Arbuscular Mycorrhizal Fungi (AMF) colonize the cortical tissue of terrestrial plants and among the benefits they provide to the host, reducing susceptibility or improving host vigor against root pathogens is one of the most important. Most of the studies that cover these interactions evaluate the growth of the host, the pathogen, mycorrhizal colonization, incidence, and severity of the disease, among others. However, this interaction depends on the type of root pathogen. It seems that AMF have a negative effect on the growth of the pathogen. Most fungal pathogens have a higher infection rate than AMF, which is why, as the pathogen establishes itself in the plant before the symbiont, it does not allow the latter to develop the beneficial functions that it grants to the host. However, sometimes root pathogens and AMF occupy adjacent sites in the roots, with no apparent effect on each other [6]. There are several studies on the effects of AMF on plants attacked by nematodes, however, in most of them a decrease in the severity of the infestation is observed. Possibly due to the fact that plant parasitic nematodes are antagonistic, obligate biotrophs, like AMF.

A wide range of plants with agronomic interest in our region (bananas, papaya, tomato, grapevine, avocado, pineapple, etc.) depend on mycorrhizae for optimal growth in soils at certain fertility levels. The effects of these microorganisms not only have consequences on development and nutrition but can also increase the natural resistance of plants in situations of biotic (pathogens) or abiotic imbalances (water or saline stress, etc.). In recent years, the incorporation of micropropagation techniques to plant production systems has increased the possibilities of using mycorrhizae, since it has been shown that the inoculation of micro seedlings with these fungi increases tolerance to stress derived from transplantation, also improving the development and nutritional level [7].

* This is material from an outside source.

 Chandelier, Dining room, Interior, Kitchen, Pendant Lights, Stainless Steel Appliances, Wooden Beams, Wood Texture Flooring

Mycorrhizae allow plants four fundamental advantages: capture more phosphorus, nitrogen and water, main plant nutrients; improve its resistance to extreme environmental conditions; build barriers against root diseases and protect the environment by completely avoiding the use of agrochemicals [8]. The high incidence of nematodes, causes considerable effects on the amount and quality of production in protected crops, constituting the main limiting factor for obtaining high yields for the conditions of Santiago de Cuba, Cuba, without being able to manage successfully using conventional methods.

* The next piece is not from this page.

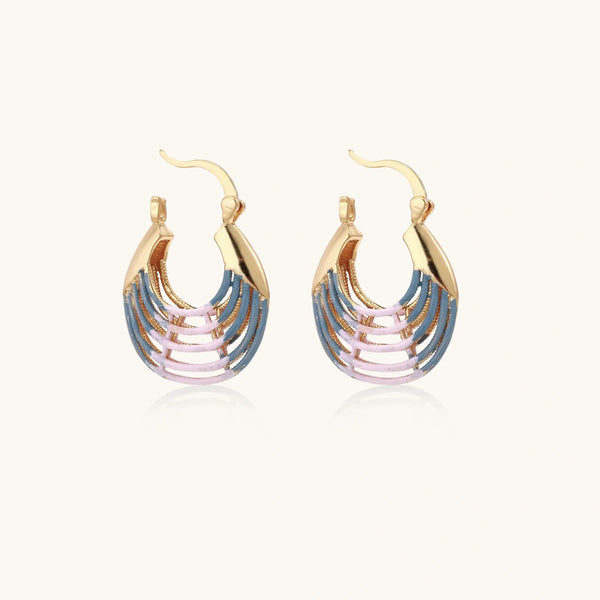 Gold hoop earrings with gradient blue-to-pink enamel in ribbed fan design on beige background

It has been proven that there is an antagonistic relationship caused by the arbuscular mycorrhizal fungi towards the pathogens and that the reduction of damage due to their attacks is not based solely on a greater number of roots [9].

The potential of AMF to affect host-pathogen relationships by mechanisms unrelated to phosphorus acquisition appears to be greater with obligate biotrophs than with facultative saprotrophs. The mechanisms are related to the contribution of resistance to the plant, and generally depend on changes in the physiology of the host. Changes in root exudates would modify the attraction of nematodes to the roots. Good phosphorus nutrition would improve plant vigor and thus decrease nematode losses, especially in low phosphorus soils if mycorrhizae are established early in the host life cycle before nematode infection. HMAs seem not to affect penetration or the infection process. In general, the reductions in infection and reproduction produced by AMF are evidenced in the density of nematodes or eggs per gram of soil [6].

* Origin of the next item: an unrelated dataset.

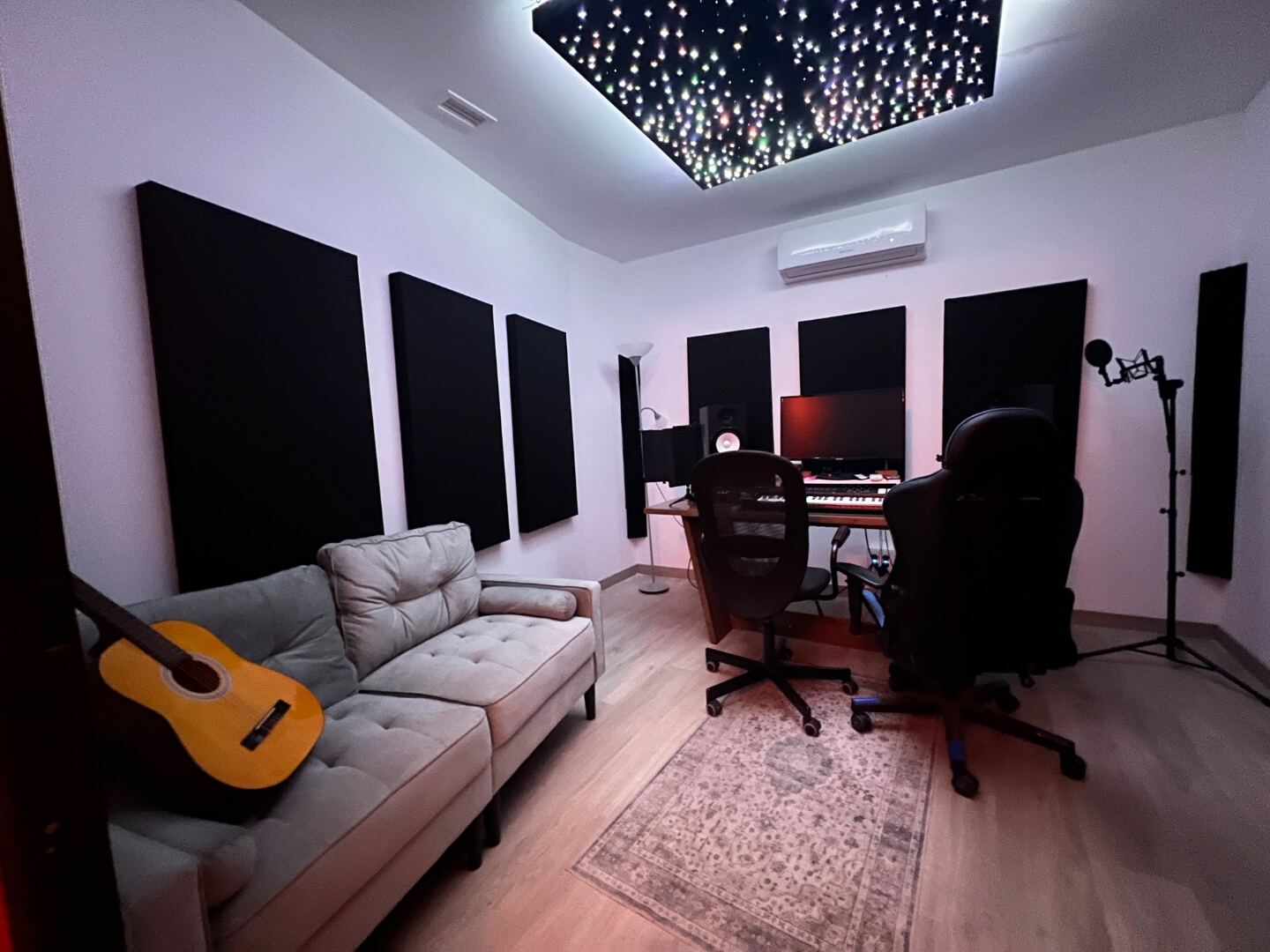 Estudio equipado con guitarra, sofá y mesa de producción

Numerous mechanisms are manifested when AMFs promote biocontrol. They can be grouped into two: those that include a direct effect of the fungus on the pathogen, such as competition for nutrients, space, and infection/colonization sites, and those that include indirect effects on the pathogen, such as improved nutrient uptake from the host, changes in root architecture, changes in the interaction of microorganisms in the rhizosphere and activation of plant defense mechanisms [10].

The different mechanisms cannot be considered completely independent of each other; that is, the resulting biocontrol comes from a combination of several of them. Mechanisms include increased plant tolerance, direct competition for nutrients and space, induced systemic resistance, and rhizosphere interactions.

Poveda et al. [11] state that mycorrhizal fungi used against nematodes as resistance inducers are capable of reducing the damage caused by plant parasitic nematodes, minimize damage, establish competition for space and resources, provide more nutrients and greater absorption of water by the plant, modify the morphology of the root and/or the rhizosphere, which constitutes an advantage for the growth of the plant. In addition, fungi can induce resistance against nematodes by activating hormones (salicylic and jasmonic acid, strigolactones, among others) as a defense mechanism in plants. AMFs cause an increase in the growth and development of plants, developing resistance against nematode infestation, acting as an effective and alternative biocontrol agent against nematodes [12].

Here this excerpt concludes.